お知らせ • Mar 17
blockchAIn Digital Infrastructure completed the acquisition of Signing Day Sports, Inc. (NYSEAM:SGN).
blockchAIn Digital Infrastructure signed a non-binding letter of intent to acquire Signing Day Sports, Inc. (NYSEAM:SGN) for approximately $220 million in reverse merger transaction on April 11, 2025. blockchAIn Digital Infrastructure signed a definitive agreement to acquire Signing Day Sports on May 27, 2025. Under the Letter Of Intent, the consideration to be paid at closing to blockchAIn Digital Infrastructure or their securityholders will be comprised of shares of Signing Day Sports common stock with a value of approximately $215 million, subject to an exchange ratio and other certain adjustments, at an implied value per share for Pubco of $10.04. The Earnout Shares will equal 11.628% of the total number of Holdings Shares issued to the members of One Blockchain prior to the One Blockchain Merger, subject to adjustment. The business combination is expected to be effectuated through a structure, whereby blockchAIn Digital Infrastructure will merge with and into a newly formed subsidiary of Signing Day Sports with blockchAIn Digital Infrastructure surviving the merger and becoming a wholly-owned subsidiary of Signing Day Sports. Upon the closing of the business combination, the stockholders of Signing Day Sports are anticipated to collectively own approximately 8.5% of the outstanding common stock of the combined company, and blockchAIn Digital Infrastructure’s equity securityholders are anticipated to collectively own approximately 91.5% of the outstanding common stock of the combined company. The board of directors of Signing Day Sports post-transaction will be comprised of no less than five and no greater than seven directors. At least one director will be designated by the existing directors of Signing Day Sports, and blockchAIn DI will designate the remaining directors. blockchAIn DI will also designate the new Chief Executive Officer and Chairman of the Company. In case of termination Signing Day will pay and receive $0.25 million.

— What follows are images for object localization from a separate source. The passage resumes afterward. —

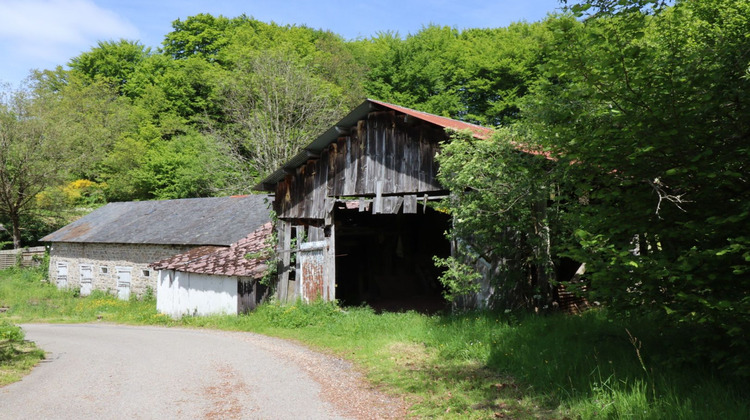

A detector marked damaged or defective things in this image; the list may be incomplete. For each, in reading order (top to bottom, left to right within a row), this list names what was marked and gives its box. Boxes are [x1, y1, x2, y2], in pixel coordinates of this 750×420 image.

rusty roof panel [40, 194, 274, 246]
rusty roof panel [150, 221, 274, 278]
rusted metal sheet [300, 240, 326, 302]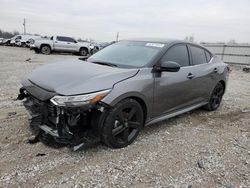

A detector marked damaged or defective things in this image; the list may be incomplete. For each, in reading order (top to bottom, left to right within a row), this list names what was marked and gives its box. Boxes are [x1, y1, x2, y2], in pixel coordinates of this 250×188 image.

front bumper damage [17, 87, 107, 151]
damaged front end [17, 87, 110, 151]
broken headlight [49, 89, 110, 107]
crumpled hood [22, 58, 139, 95]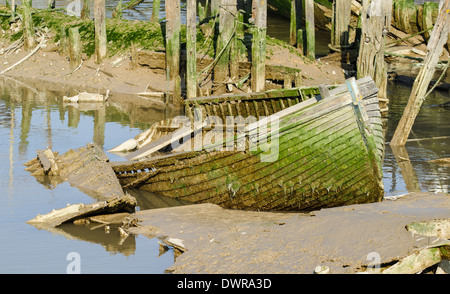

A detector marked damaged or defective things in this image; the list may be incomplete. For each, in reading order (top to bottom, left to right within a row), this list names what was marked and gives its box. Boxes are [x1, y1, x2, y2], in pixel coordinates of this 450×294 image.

broken wooden plank [27, 196, 136, 229]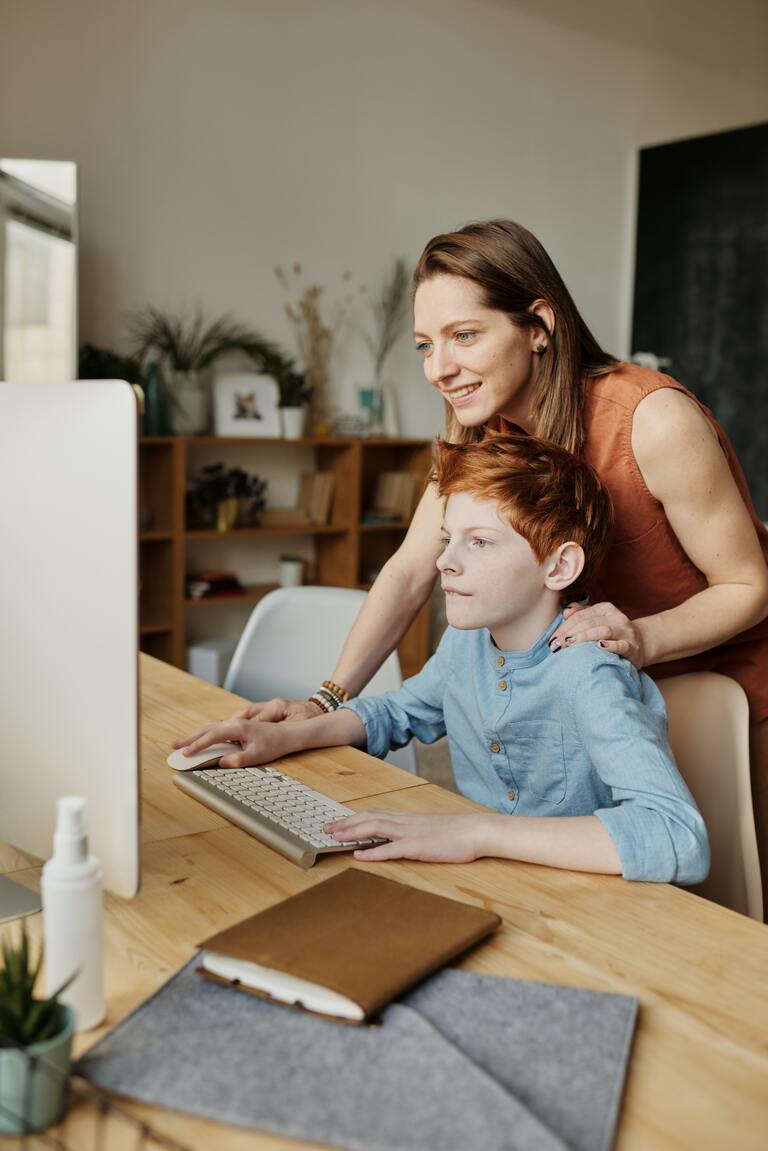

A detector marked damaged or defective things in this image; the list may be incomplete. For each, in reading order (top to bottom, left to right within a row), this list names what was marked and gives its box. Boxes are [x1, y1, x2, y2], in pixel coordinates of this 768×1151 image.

rust sleeveless top [498, 360, 768, 720]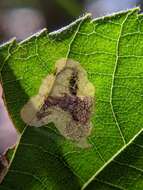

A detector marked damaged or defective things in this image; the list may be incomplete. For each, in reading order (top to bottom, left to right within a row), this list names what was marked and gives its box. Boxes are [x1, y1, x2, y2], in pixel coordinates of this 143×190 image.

leafminer damage [20, 58, 95, 148]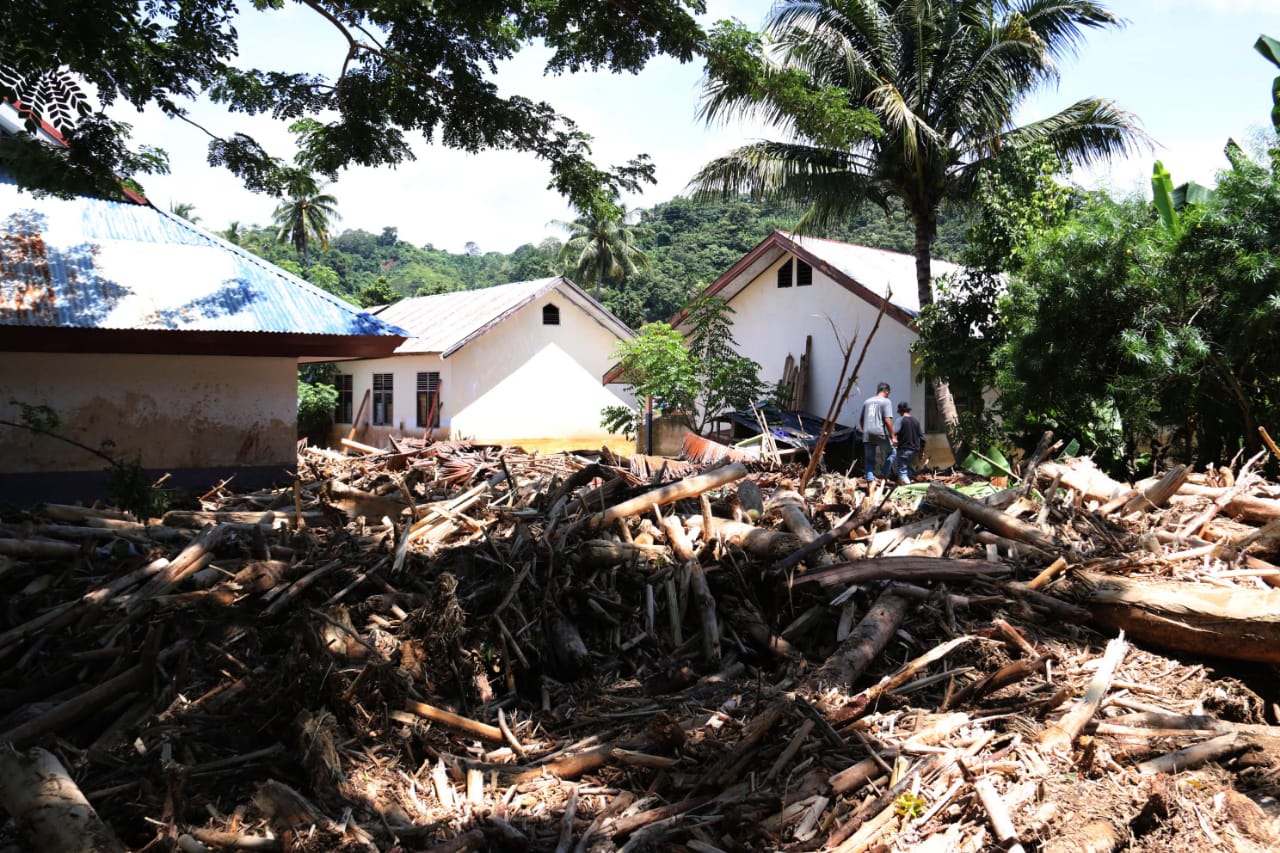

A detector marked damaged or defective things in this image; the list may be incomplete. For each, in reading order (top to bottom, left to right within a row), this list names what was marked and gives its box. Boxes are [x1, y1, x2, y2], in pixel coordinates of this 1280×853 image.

rusty metal roof [0, 172, 404, 338]
rusty metal roof [373, 275, 632, 356]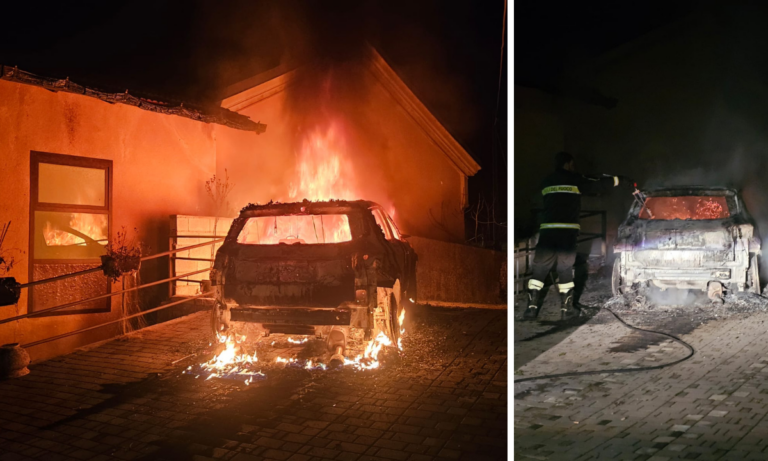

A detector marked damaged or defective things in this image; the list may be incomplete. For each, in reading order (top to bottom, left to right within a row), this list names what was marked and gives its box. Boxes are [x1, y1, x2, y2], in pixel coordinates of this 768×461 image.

burnt car rear [208, 199, 414, 354]
burnt car shell [210, 199, 416, 340]
burnt car shell [616, 187, 760, 294]
burnt car rear [616, 186, 760, 296]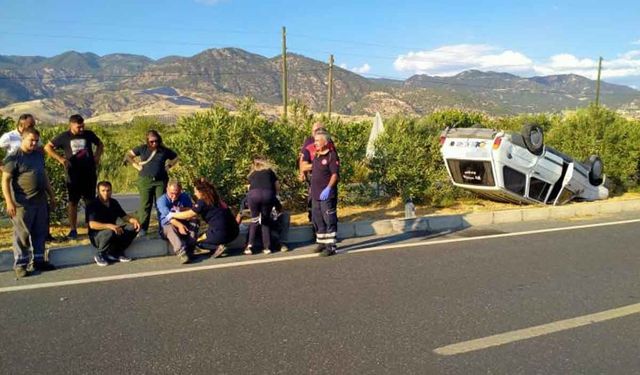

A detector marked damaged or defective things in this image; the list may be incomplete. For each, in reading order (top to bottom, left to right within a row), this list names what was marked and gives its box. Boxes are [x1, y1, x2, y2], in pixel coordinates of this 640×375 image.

overturned white car [440, 125, 608, 204]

Upon the closing of the business combination Mr. Rozen is expected to serve as Chief Operating Officer of BlockchAIn Inc.
The LOI is non-binding, and the transaction's completion remains subject to customary due diligence, execution of definitive agreements, regulatory and stock exchange approvals, registration statement effectiveness, anti trust approval, termination of the employment agreements, ancillary agreement, execution of support agreement, lock up agreement, the execution of Executive Consulting Agreements, amendment to certificate of incorporation and other standard closing conditions. It is anticipated that any definitive agreements will need to be approved by both of the Board of Directors. The LOI provides that none of the parties will consider any other similar transaction for a period that will continue until the earlier of 45 days from the date of the LOI or the execution of definitive agreements. The transaction is expected to be completed the first quarter of 2026. The transaction has been approved by both board of directors.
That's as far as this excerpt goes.